自動微分の誤った神話その3

私のコードには適用できない

原文:AD Myths Debunked: It won't work on my code - Published 2022/04/06 By Johannes Lotz

この記事は 自動微分の誤った神話 シリーズの一部です。

「自動微分とその利点に興味はあるが、自動微分(AD)を自分のコードに適用するのは技術的、数学的に多くの困難があるため不可能なのでは?」

我々はこのような話を、何年も前から何度も聞かされてきました。外部ライブラリ、微分不可性、並列化、ヘテロジニアスアーキテクチャ、更にはポリモーフィズムや最新のC++言語機能等が自動微分を適用する上での障壁になるのでは? それともこれらは単なる誤った神話なのでしょうか?

NAGでは、私たちのツールであるdco/c++を適用できないコードに出会ったことは一度もありません。これは、dco/c++の柔軟性と機能(すべての課題を解決するための基礎となるもの)、そしてNAGの自動微分専門家が大規模な数学シミュレーションコードに対して持っている膨大な経験のおかげなのです。

以下に、私たちが過去に自動微分を様々なコードに適用する際にお客様が懸念されていた事項を列挙しました。私たちは、これらの一般的な誤解や神話を説明する事が必要だと感じています。
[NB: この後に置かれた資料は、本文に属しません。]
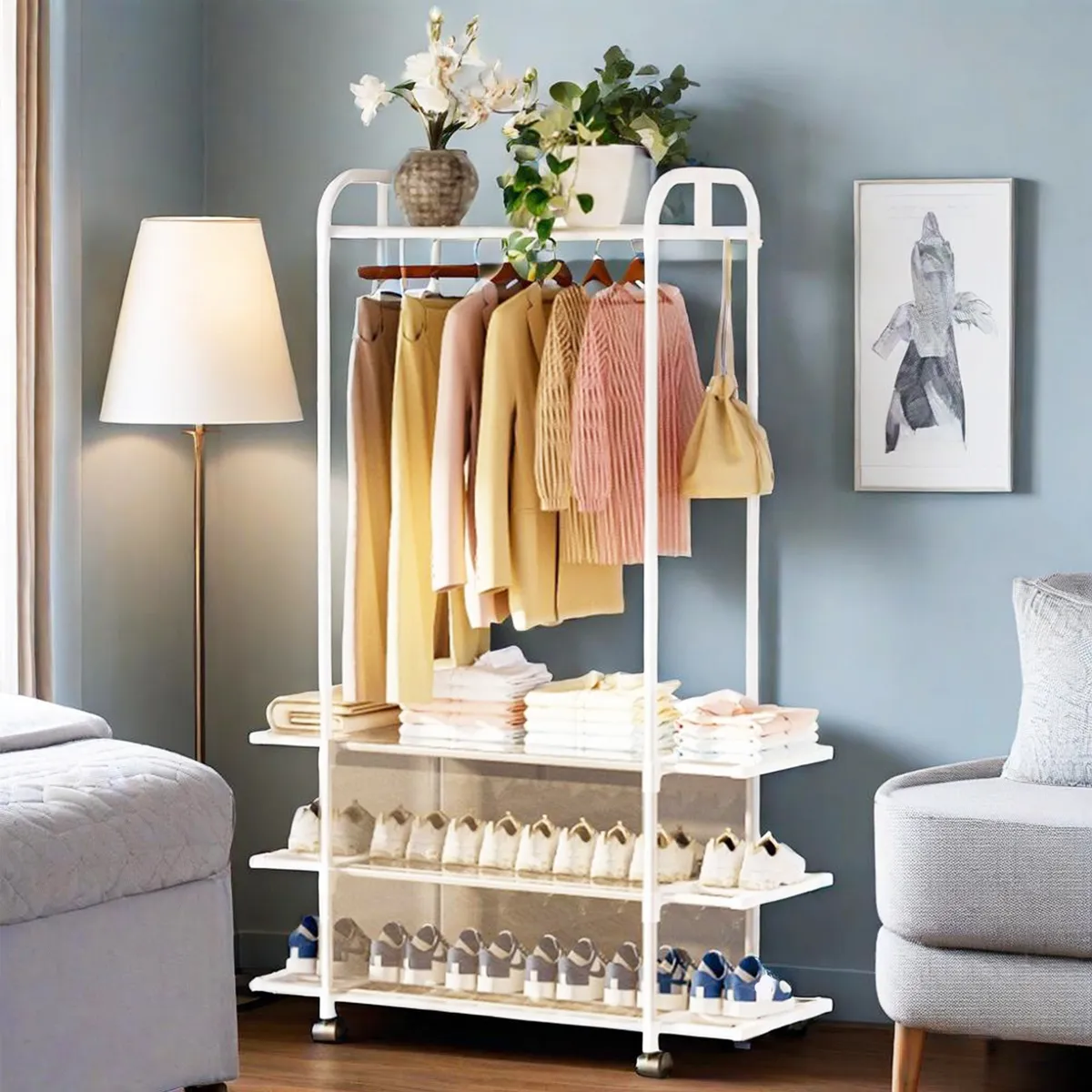 White Clothes Shoe Organizer Wardrobe Hanger Clothes Rack 8 White Clothes Shoe Organizer Wardrobe Hanger Clothes Rack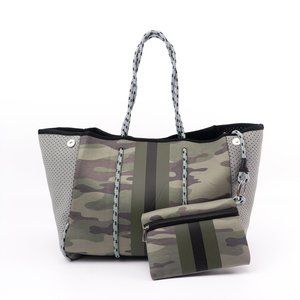 Green Army Neoprene Tote Bag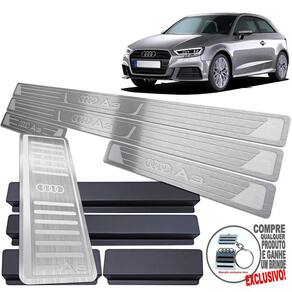 Descanso + Soleira Audi A3 2017 A 2021 Prata Baixo Relevo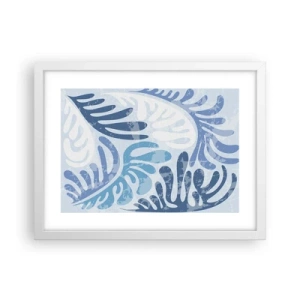 Poster în ramă albă - Ferigi albastre - 40x30 cm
NAGの自動微分ツールセットは過去12年にわたり開発され、さらに10年にわたるC++による自動微分研究開発の経験を基に構築されています。私たちは、細部が重要であることを知っています。レガシーコードは私たちのビジネスであり、私たちが扱うことができないコードに出会ったことは一度もありません。

神話は、真実のように聞こえるかもしれませんが、私たちは、神話について詳しく話し、私たちの経験を共有することによって、企業がこれらの問題を解決する手助けをしたいと願っています。

結果は重要ですが、神話は重要ではありません。

メモリの使用ライブラリの書き換えなど、自動微分の神話に関する他の投稿もご覧ください。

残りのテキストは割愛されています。